* [PROBLEM TO SOLVE] The listing below contains a span that opens with the line containing "If you already" and closes with the line containing "You can do high-resolution". Return that span exactly.

* [DATA FOR THIS TASK]
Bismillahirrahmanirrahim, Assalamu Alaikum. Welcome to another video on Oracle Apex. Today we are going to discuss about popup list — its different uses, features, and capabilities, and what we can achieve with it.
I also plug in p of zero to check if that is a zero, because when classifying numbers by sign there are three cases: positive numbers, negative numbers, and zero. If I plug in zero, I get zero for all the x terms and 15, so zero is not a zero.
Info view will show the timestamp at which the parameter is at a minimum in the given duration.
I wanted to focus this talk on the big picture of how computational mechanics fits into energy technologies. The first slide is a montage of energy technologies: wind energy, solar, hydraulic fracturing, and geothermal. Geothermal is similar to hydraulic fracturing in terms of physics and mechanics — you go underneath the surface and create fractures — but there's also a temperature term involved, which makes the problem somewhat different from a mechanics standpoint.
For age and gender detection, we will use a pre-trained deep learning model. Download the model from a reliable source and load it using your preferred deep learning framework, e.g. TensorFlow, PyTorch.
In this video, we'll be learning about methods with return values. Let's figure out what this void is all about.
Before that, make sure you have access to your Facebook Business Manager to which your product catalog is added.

---

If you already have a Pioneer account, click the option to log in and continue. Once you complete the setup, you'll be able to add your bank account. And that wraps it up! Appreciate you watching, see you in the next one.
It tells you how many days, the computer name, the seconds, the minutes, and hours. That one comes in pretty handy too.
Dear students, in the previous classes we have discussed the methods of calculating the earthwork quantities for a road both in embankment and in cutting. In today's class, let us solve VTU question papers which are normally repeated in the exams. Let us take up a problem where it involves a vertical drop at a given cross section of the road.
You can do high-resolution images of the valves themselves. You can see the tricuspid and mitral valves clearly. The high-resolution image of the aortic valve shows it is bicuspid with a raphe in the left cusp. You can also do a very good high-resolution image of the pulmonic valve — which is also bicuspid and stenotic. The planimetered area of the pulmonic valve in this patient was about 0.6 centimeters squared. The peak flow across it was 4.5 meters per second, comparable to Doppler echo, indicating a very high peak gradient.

* * *

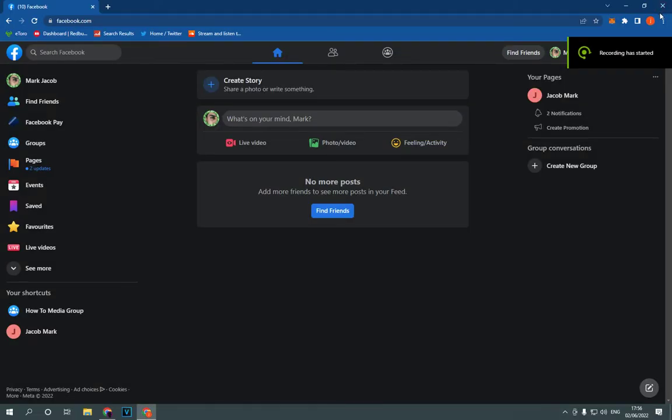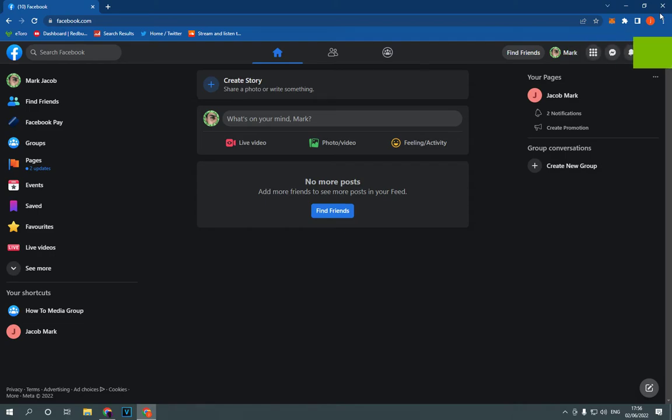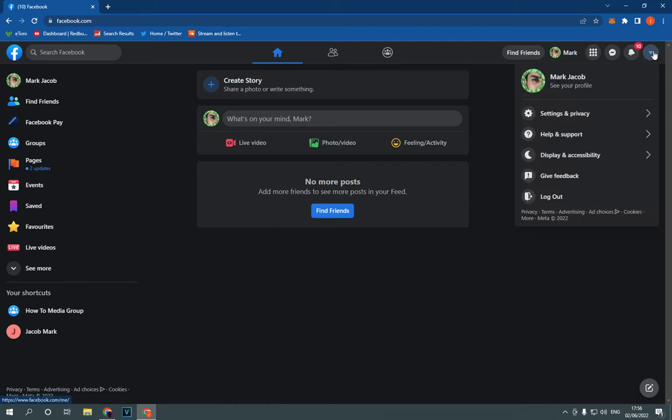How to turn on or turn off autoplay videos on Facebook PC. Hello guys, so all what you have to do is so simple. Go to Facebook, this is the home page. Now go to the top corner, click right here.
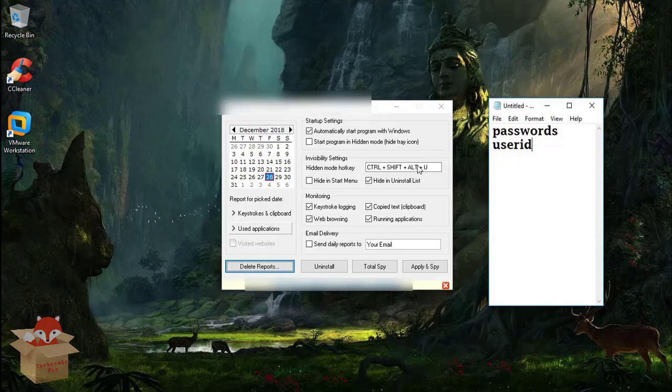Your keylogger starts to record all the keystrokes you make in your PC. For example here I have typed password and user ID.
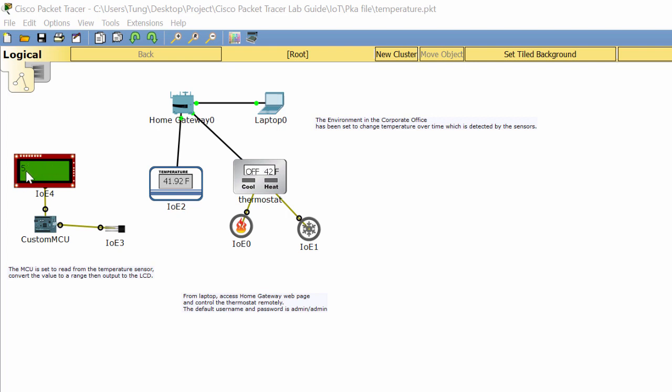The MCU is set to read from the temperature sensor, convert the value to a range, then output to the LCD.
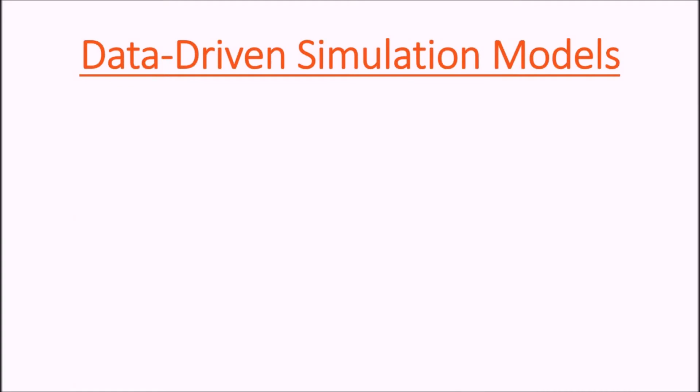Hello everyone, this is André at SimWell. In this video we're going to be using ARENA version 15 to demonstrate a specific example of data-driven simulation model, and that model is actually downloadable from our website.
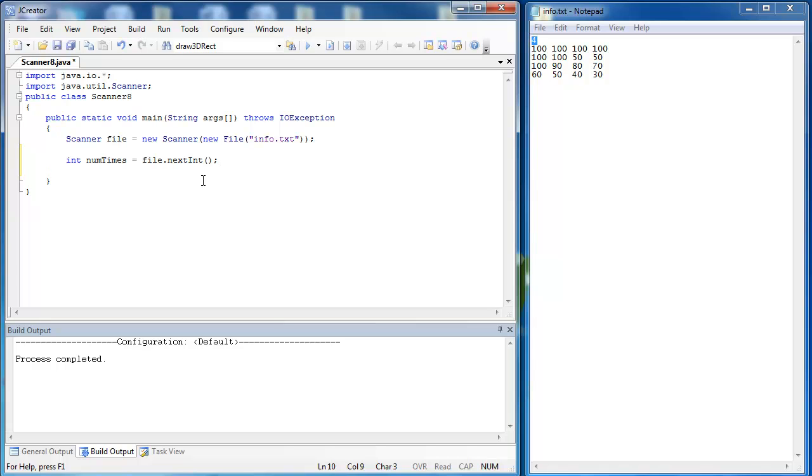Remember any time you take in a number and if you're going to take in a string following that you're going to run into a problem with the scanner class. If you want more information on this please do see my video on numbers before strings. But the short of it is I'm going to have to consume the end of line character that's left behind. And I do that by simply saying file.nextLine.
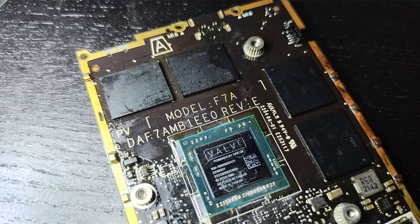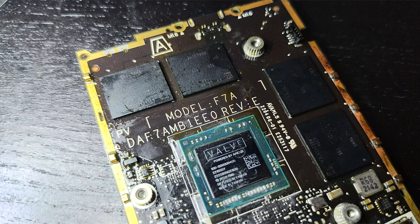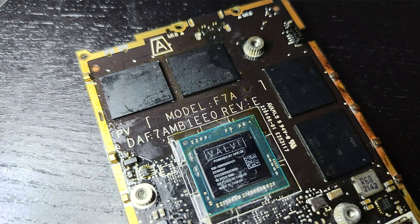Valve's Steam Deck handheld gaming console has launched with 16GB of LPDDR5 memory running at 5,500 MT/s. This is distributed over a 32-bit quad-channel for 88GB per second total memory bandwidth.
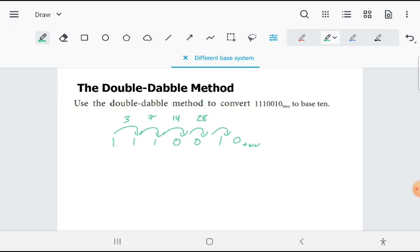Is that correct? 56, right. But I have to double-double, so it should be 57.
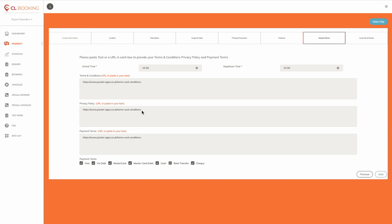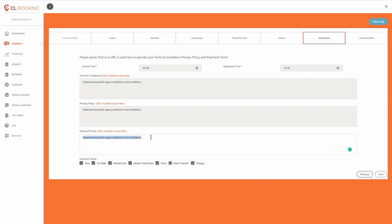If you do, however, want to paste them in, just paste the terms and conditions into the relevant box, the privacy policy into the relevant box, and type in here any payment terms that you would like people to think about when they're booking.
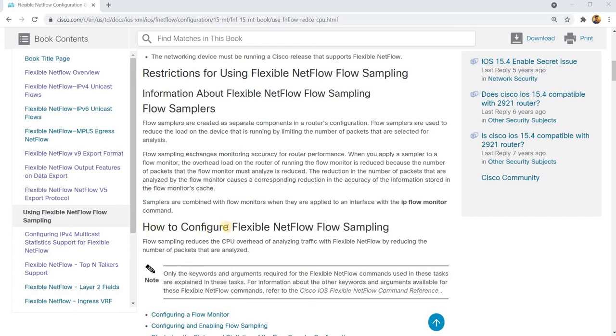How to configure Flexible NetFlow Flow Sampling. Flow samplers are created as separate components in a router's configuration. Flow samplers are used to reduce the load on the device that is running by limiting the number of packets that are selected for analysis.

* [EXERCISE RESULT]
If you already have a Pioneer account, click the option to log in and continue. Once you complete the setup, you'll be able to add your bank account. And that wraps it up! Appreciate you watching, see you in the next one.
It tells you how many days, the computer name, the seconds, the minutes, and hours. That one comes in pretty handy too.
Dear students, in the previous classes we have discussed the methods of calculating the earthwork quantities for a road both in embankment and in cutting. In today's class, let us solve VTU question papers which are normally repeated in the exams. Let us take up a problem where it involves a vertical drop at a given cross section of the road.
You can do high-resolution images of the valves themselves. You can see the tricuspid and mitral valves clearly. The high-resolution image of the aortic valve shows it is bicuspid with a raphe in the left cusp. You can also do a very good high-resolution image of the pulmonic valve — which is also bicuspid and stenotic. The planimetered area of the pulmonic valve in this patient was about 0.6 centimeters squared. The peak flow across it was 4.5 meters per second, comparable to Doppler echo, indicating a very high peak gradient.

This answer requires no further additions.